The Coptic Orthodox Church is a Christian tradition which has greatly blessed me over the years. Be it the beautiful neo-Coptic iconography, or certain critical elements of their theology. The inspiring figure of Pope St. Kyrillos VI, and the tremendously moving witness of their martyrs. It was, indeed, during a Coptic liturgy in London some seven years ago that an ecumenical vocation first awoke within me. All this being the case, when a friend and fellow doctoral student at Durham University (who, not inconsequentially, happened to be a Coptic monk) suggested a visit to Egypt, I immediately seized upon the idea. This was able to be realised in December 2023, both thanks to my friend’s contacts and thanks to the support given by The Bill Snelson Young Ecumenists Fund.
It was a rather short visit – only two full days – yet it remains difficult to adequately sum up. There were key moments, of course: the visiting of two monasteries and some key sites related to the life of St Kyrillos. Spending some time with a centre run by the charity Stephen’s Children. Attending a New Year’s Eve celebration in the Cathedral of St. Mark presided over by Pope Tawadros II. And meeting with (the noted spiritual figure) Fr Raphael Ava Mina. This event was a personal highlight. Hearing him speak of St Kyrillos (who had been his spiritual father) and having him pray with me and for me. But it was also surprisingly affecting to just be around someone who has lived prayer so deeply and for so long.

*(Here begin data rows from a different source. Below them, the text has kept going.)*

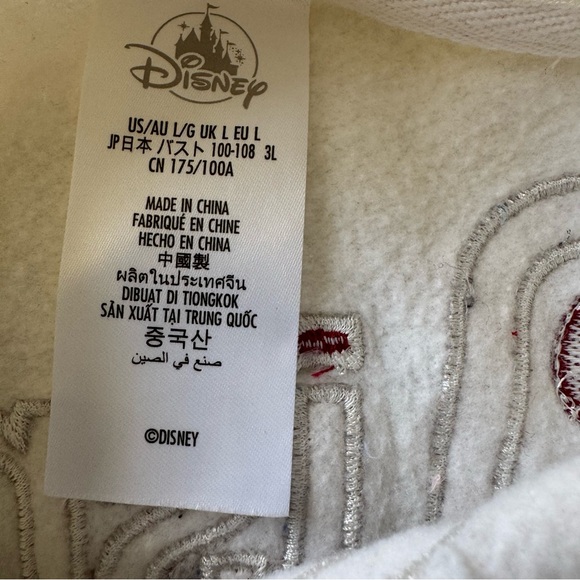 Disney World Christmas Holidays 2023 Women Embroidered Cream Red Pullover Sz L - Picture 8 of 8
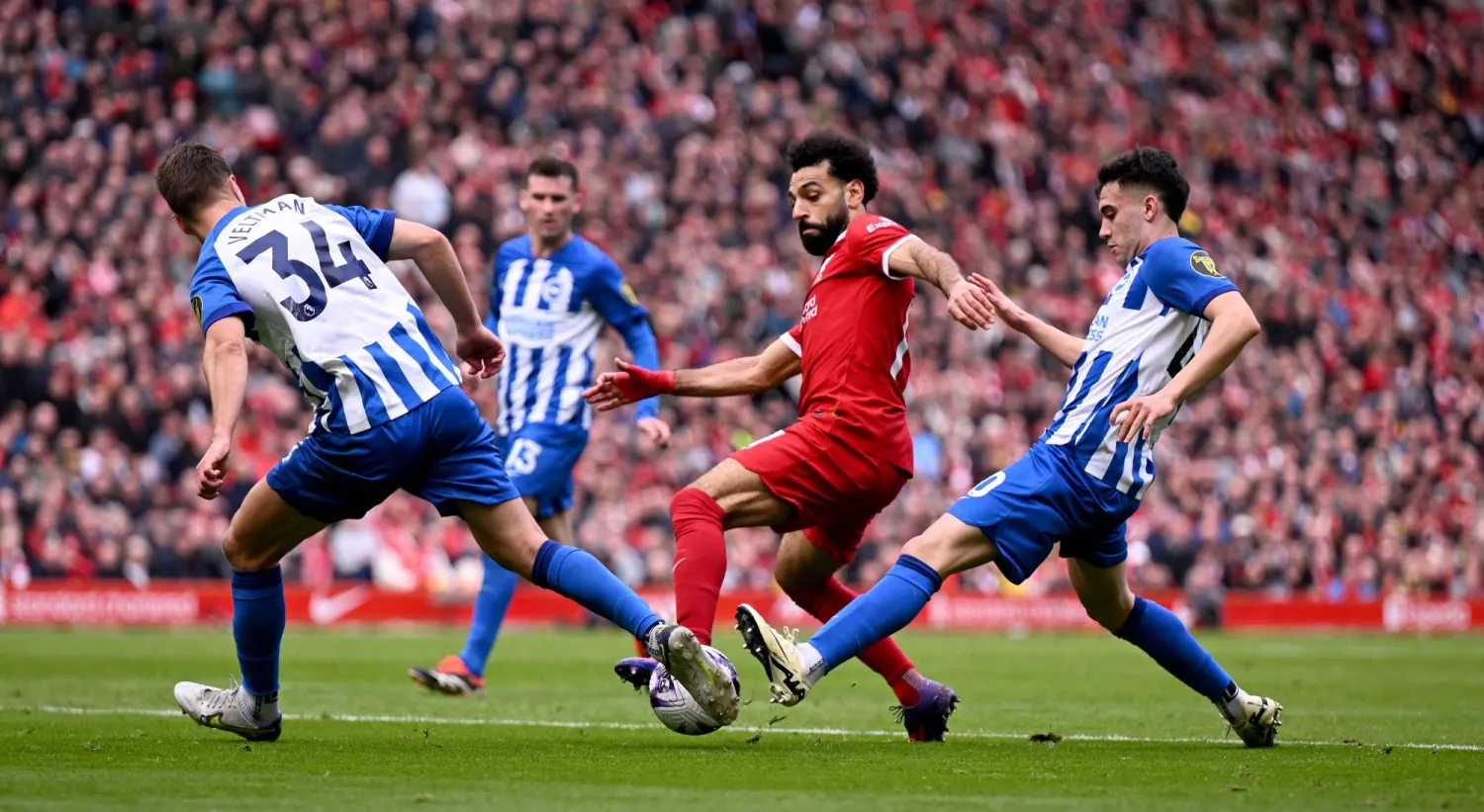 محمد صلاح صنع الحدث في مواجهة برايتون (غيتي)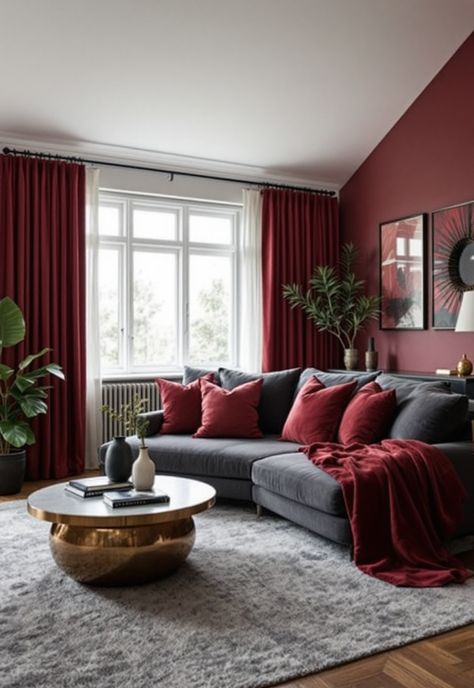 Dark Grey Couch Living Room Ideas Red Black And Grey Living Room Ideas, Burgundy Couch Living Room Ideas, Red Wall Living Room, Maroon Living Room Ideas, Burgundy Interior Design, Burgundy Couch Living Room, Cosy Grey Living Room, Grey And Red Living Room, Red Living Room Walls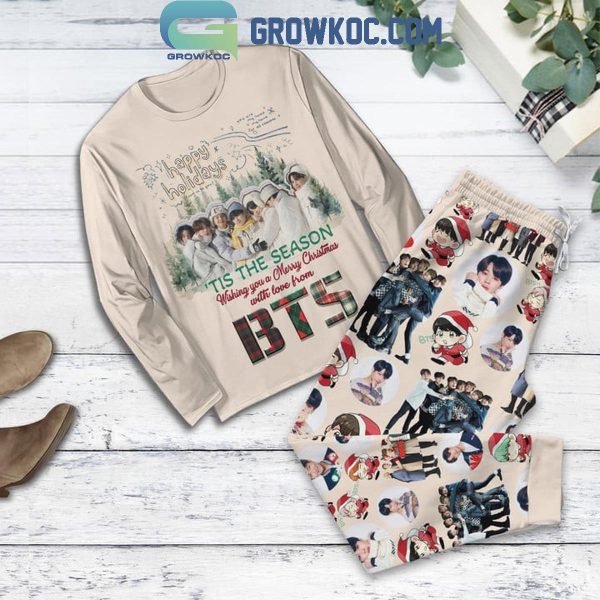 BTS Tis The Season Wishing You A Merry Christmas Fleece Pajamas Set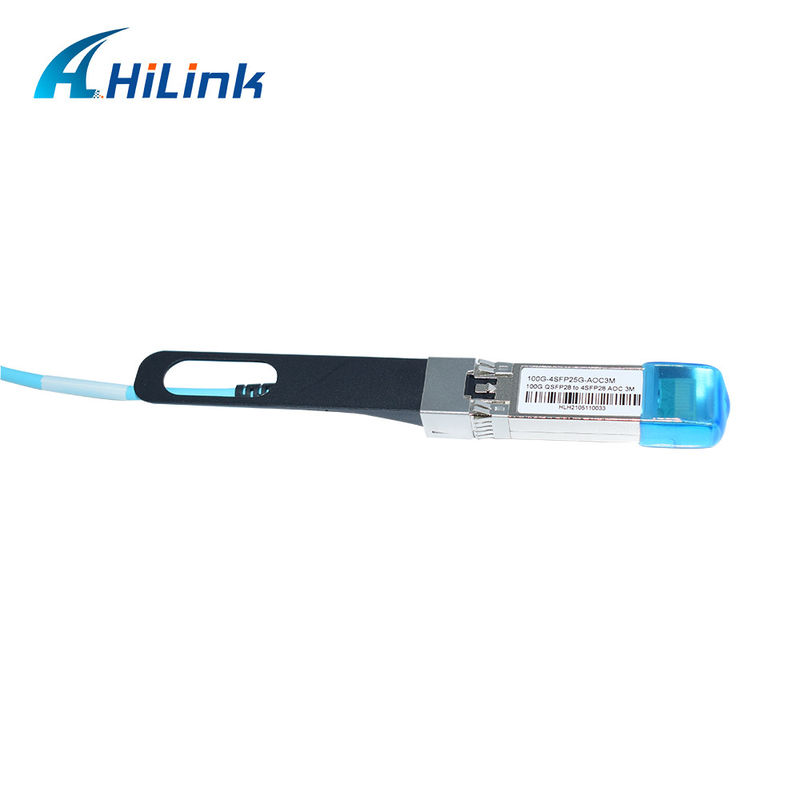 كابل بصري نشط من 100G QSFP28 إلى 4xSFP28 معتمد AOC OM3 مع طول كابل 1-5m وشهادة CE RoHS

There are other moments still less easy to quantify. The sense gained across the days through conversations. Hearing about the country, and what life is like for the Christian community today. But not just hearing but also seeing. Seeing children show the cross tattoo adorning their wrists to armed police so as to be let into a church. And through it all, the expectant faith of the people, and the stories of provision and miracles that they regularly share.
‘These days will stay with me for the rest of my life’

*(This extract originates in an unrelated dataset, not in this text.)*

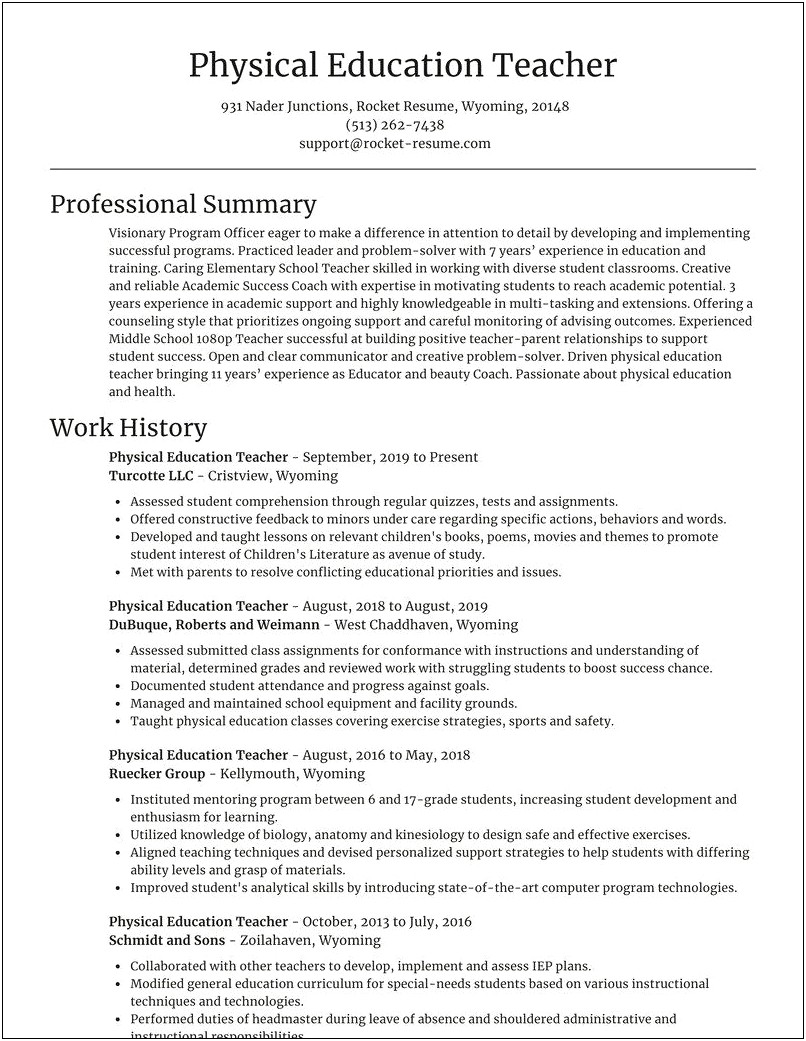 Physical Education Professional Objective Resume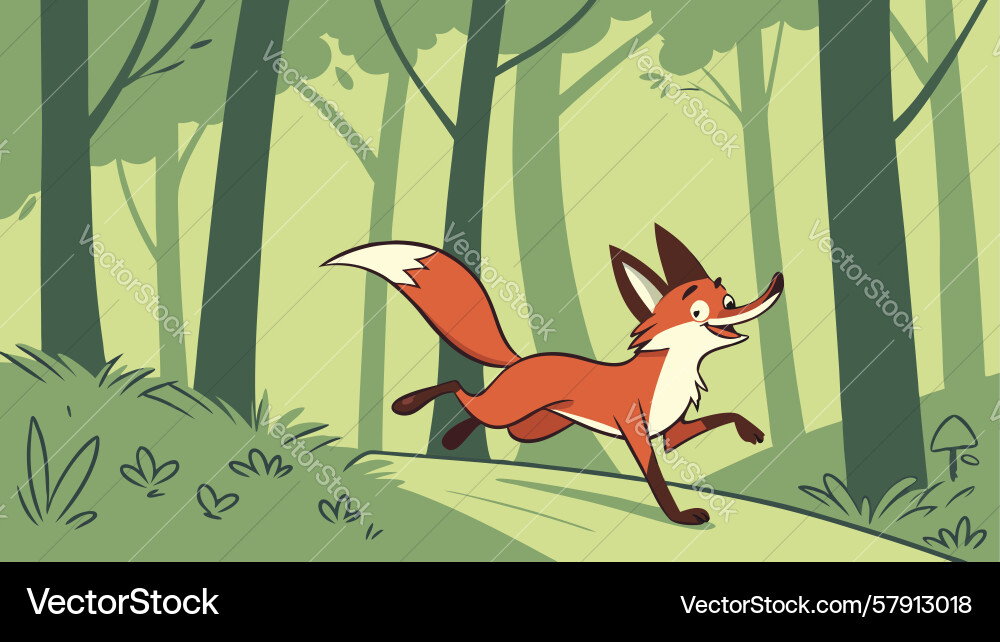 Agile fox in a green forest design generative ai Vector Image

The visit was a pilgrimage. It was a time of ecumenical learning. It was an opportunity to establish new inter-church relationships and to strengthen those already present. And, it was a privilege. It genuinely felt (and still feels) as though I was allowed to drink, so to speak, of the respective spiritual, theological, and cultural traditions from their source. To get to know the Coptic Orthodox church almost as closely as one could, given the limits imposed by time and denomination, from the inside. These days will stay with me for the rest of my life.

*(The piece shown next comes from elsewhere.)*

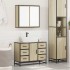 Set de muebles de baño 2 pzas madera contrachapada roble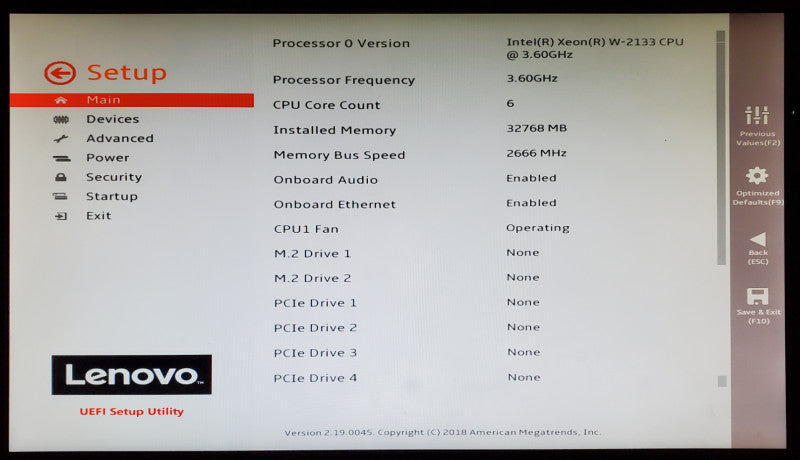 Lenovo ThinkStation P520c Xeon W-2133 32GB RAM - No HDD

It was a privilege for which I am deeply grateful to members of the Egyptian Coptic community for allowing me to experience and to the Bill Snelson Fund for its financial support. I look forward to seeing all the fruits, both personal and (hopefully) academic and institutional that the trip will help bring – and even more so, those from all the other trips this Fund will support.
John Stayne is completing a doctoral thesis in theology at Durham University supervised by Profs Paul D. Murray and Karen Kilby. The thesis seeks to articulate a more charismatic Catholic ecclesiology in part by engaging the pneumatological critiques offered by Pentecostal and Orthodox theologians. John is a former teaching assistant at Durham and has also taught on the (Roman Catholic) Northern Diaconal Formation Program. He was on the coordinating committees of the Society for Ecumenical Studies (2022-23) and currently serves on a number of different ecumenical bodies and steering groups related to either Pentecostals and charismatics, or the Christian East.